One of the reasons that fashion translates well to the online landscape is that stock information can be updated more quickly on a website than in a shop, and it can be presented beautifully (shoppers can’t come in and mess it up, can they?).
Providing that bespoke, personal shopper experience – the experience consumers of certain brands have come to expect in-store – is also far easier online.
Changing the actual store layout for each visitor would be tricky; using consumer data, transactional data and product data to recommend items to website visitors is pretty straightforward.
Personalising content has also been shown to generate a 7.8% increase in conversions, so it’s, y’know, probably worth trying.
- According to Google, the average shopper visits 2.9 different websites before buying clothes (11.4 site visits in total)
- These fashion shoppers consider these purchases for 27 days (having spent more than 3 hours on research)
- 76% of them will use search at some point in their journey
- Half of these fashion customers will use both brand and generic keywords in their searches.
Brands are putting more and more effort into making their sites interesting, personalised and usable, but they are also quick to understand the importance of third-party channels, such as Google Shopping, affiliate marketing and price comparison sites, as a way to reach more potential consumers within an efficient pricing model.
The more channels they use, theoretically, the more data multi-channel retailers can collect on their consumers, helping them to optimise their marketing.
One of the areas fashion brands are exploring is ‘shoppable content’. Retailers are making money from their editorial content, their blogs, and their social media channels, ensuring that they make the most from engaged readers.
MR PORTER, for example, has integrated its product inventory with the blog, to make sure that followers of the blog can be turned into consumers in a seamless and (actually rather gorgeous) way.
MR PORTER’s Senior Performance Strategist Matt Pollington said:
The average order value for someone who visits our The Journal is higher than a non-reader.
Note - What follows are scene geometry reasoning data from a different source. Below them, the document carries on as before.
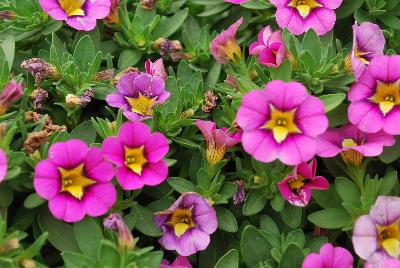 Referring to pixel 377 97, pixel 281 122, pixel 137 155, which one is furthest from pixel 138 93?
pixel 377 97

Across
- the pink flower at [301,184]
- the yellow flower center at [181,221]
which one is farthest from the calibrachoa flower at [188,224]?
the pink flower at [301,184]

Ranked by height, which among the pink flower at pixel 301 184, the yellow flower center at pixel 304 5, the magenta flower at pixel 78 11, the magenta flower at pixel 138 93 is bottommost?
the pink flower at pixel 301 184

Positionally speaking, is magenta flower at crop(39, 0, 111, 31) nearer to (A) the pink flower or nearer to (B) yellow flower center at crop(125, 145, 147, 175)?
(B) yellow flower center at crop(125, 145, 147, 175)

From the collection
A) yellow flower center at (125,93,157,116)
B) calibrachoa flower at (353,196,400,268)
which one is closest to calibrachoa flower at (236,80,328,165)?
calibrachoa flower at (353,196,400,268)

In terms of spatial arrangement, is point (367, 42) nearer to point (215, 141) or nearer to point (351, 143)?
point (351, 143)

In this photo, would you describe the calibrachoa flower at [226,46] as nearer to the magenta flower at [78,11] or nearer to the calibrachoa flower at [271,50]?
the calibrachoa flower at [271,50] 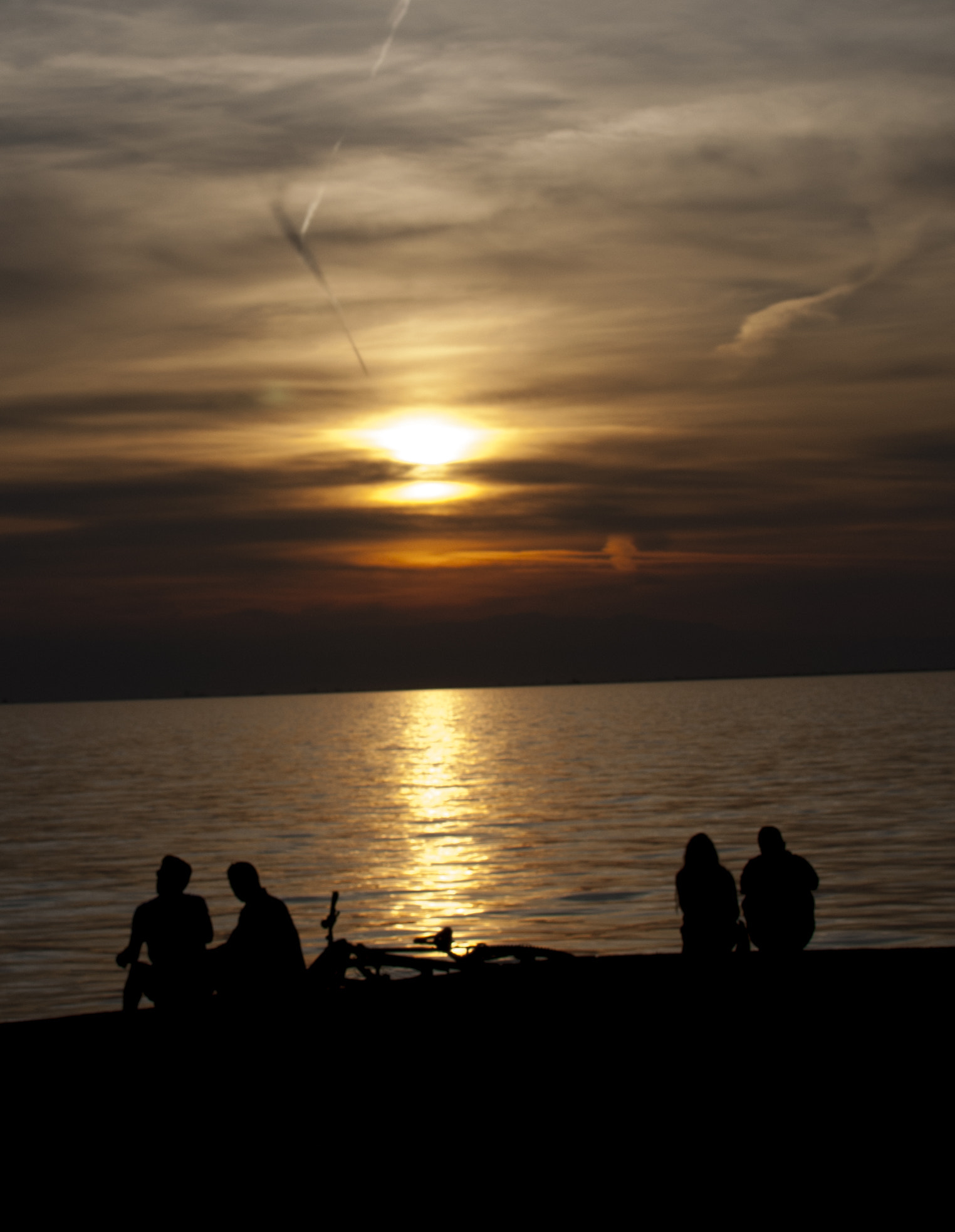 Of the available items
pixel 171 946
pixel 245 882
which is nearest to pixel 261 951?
pixel 245 882

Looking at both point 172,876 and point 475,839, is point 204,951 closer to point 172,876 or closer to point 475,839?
point 172,876

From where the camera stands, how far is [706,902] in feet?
41.4

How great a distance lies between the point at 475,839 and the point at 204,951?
3232 cm

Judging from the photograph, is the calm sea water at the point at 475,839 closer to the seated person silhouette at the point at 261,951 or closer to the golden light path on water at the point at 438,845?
the golden light path on water at the point at 438,845

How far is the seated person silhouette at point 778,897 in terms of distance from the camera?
1268 centimetres

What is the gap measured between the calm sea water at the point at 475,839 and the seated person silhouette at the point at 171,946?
9128mm

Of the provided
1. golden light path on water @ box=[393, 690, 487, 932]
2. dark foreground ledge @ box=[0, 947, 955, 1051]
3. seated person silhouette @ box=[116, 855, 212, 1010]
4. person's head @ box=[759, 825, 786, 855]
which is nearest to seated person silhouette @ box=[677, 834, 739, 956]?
dark foreground ledge @ box=[0, 947, 955, 1051]

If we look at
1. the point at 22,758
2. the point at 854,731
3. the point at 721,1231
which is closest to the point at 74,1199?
the point at 721,1231

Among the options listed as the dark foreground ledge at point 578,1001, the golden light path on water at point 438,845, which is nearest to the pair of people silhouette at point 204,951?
the dark foreground ledge at point 578,1001

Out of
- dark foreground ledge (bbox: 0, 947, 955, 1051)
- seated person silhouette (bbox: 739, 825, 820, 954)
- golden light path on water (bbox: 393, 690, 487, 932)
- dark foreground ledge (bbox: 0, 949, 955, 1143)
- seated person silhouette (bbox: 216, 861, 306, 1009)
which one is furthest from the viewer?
golden light path on water (bbox: 393, 690, 487, 932)

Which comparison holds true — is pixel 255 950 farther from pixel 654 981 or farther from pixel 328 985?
pixel 654 981

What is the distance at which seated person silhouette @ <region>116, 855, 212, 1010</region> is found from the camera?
38.0 ft

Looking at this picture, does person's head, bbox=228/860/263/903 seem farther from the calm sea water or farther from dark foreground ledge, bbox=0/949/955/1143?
the calm sea water

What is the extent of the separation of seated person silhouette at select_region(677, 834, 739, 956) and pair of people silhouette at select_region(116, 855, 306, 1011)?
3614mm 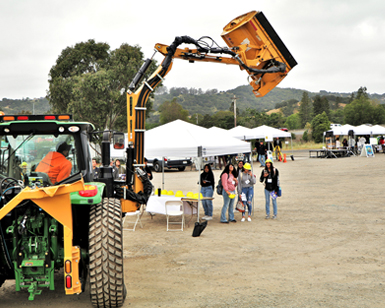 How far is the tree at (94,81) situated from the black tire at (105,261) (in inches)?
1287

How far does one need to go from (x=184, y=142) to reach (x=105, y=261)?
692 centimetres

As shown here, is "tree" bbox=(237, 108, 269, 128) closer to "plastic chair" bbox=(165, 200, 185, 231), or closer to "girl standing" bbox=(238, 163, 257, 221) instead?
"girl standing" bbox=(238, 163, 257, 221)

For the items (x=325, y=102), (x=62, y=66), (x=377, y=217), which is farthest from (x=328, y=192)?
(x=325, y=102)

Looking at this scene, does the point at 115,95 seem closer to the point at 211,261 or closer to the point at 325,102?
the point at 211,261

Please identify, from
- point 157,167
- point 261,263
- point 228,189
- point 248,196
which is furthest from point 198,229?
point 157,167

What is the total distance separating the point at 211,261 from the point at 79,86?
3172 cm

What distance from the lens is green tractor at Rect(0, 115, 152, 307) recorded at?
4402mm

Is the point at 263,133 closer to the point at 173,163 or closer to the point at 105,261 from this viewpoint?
the point at 173,163

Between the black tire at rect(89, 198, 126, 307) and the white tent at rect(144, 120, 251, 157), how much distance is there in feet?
20.8

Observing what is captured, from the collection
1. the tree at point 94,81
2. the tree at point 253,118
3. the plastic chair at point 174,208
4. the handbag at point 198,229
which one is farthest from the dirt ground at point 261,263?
the tree at point 253,118

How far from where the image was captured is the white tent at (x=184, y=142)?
37.0 feet

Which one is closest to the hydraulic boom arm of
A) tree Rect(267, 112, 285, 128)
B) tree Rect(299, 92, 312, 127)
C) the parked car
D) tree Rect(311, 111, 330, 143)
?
the parked car

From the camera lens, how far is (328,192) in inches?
622

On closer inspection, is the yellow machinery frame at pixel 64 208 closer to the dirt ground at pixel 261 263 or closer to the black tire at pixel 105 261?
the black tire at pixel 105 261
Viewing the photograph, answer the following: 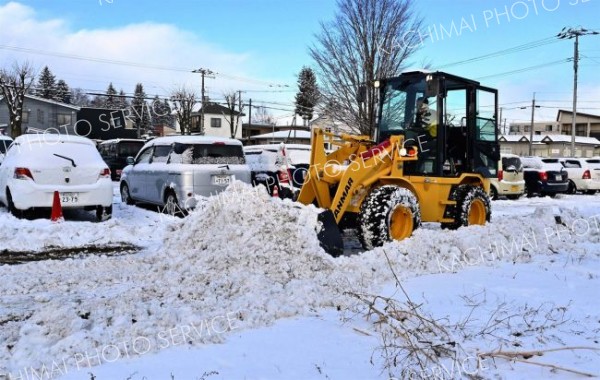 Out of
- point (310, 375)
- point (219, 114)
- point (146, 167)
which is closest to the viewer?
point (310, 375)

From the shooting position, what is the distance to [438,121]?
816 centimetres

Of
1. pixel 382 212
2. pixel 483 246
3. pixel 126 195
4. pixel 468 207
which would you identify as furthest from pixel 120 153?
pixel 483 246

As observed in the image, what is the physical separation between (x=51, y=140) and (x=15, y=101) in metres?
37.3

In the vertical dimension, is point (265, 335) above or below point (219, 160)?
below

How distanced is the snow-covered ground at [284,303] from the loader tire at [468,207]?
553 millimetres

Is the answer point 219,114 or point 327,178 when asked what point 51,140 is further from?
point 219,114

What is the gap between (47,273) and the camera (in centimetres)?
582

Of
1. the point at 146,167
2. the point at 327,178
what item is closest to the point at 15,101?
the point at 146,167

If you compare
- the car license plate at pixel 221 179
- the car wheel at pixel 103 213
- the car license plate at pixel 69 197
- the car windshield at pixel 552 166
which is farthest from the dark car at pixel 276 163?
the car windshield at pixel 552 166

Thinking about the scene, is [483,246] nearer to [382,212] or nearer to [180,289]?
[382,212]

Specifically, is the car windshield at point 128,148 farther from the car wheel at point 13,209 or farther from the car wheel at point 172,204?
the car wheel at point 13,209

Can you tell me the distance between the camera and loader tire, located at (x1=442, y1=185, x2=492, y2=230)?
8.31 m

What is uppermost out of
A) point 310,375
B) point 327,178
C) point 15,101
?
point 15,101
Therefore, we want to make it as easy as possible for consumers to go from content to product to basket, and achieve true content and commerce integration.
Brands are also becoming more sales-focussed in social media channels. Social media, especially channels such as Pinterest and Instagram, has been a boon for fashion retailers, who rely heavily on the visual aspect of their products.
With news that Twitter, Facebook and Pinterest are probably/definitely/maybe launching ‘Buy’ buttons this year, and Instagram launching carousel ads for brands, it does seem that fashion retailers will be able to start measuring ROI more effectively across these channels.
- 16% more people are using mobiles for fashion purchases than other online retail transactions, says the IMRG.
- Footwear brand schuh says that 49% of their site visitors come from mobile; a further 21% from tablet – so only 30% are visiting from a desktop computer.
- According to L2, 80% of fashion brands now have a mobile site; less than half did in 2012.
This is one of the most important trends: fashion shoppers on mobile are not an audience brands and retailers should ignore.
Client manager at Kantar Worldpanel fashion Shweta Pamula told us:
In the last three months alone, more than 15% of fashion shoppers have bought items using a mobile device – mobile devices only account for a quarter of online spend, but a third of online growth.
These omnichannel shoppers are also very valuable to retailers: shoppers engaged across devices, on average, spend 50% more on fashion than those that only shop in-store and on PCs.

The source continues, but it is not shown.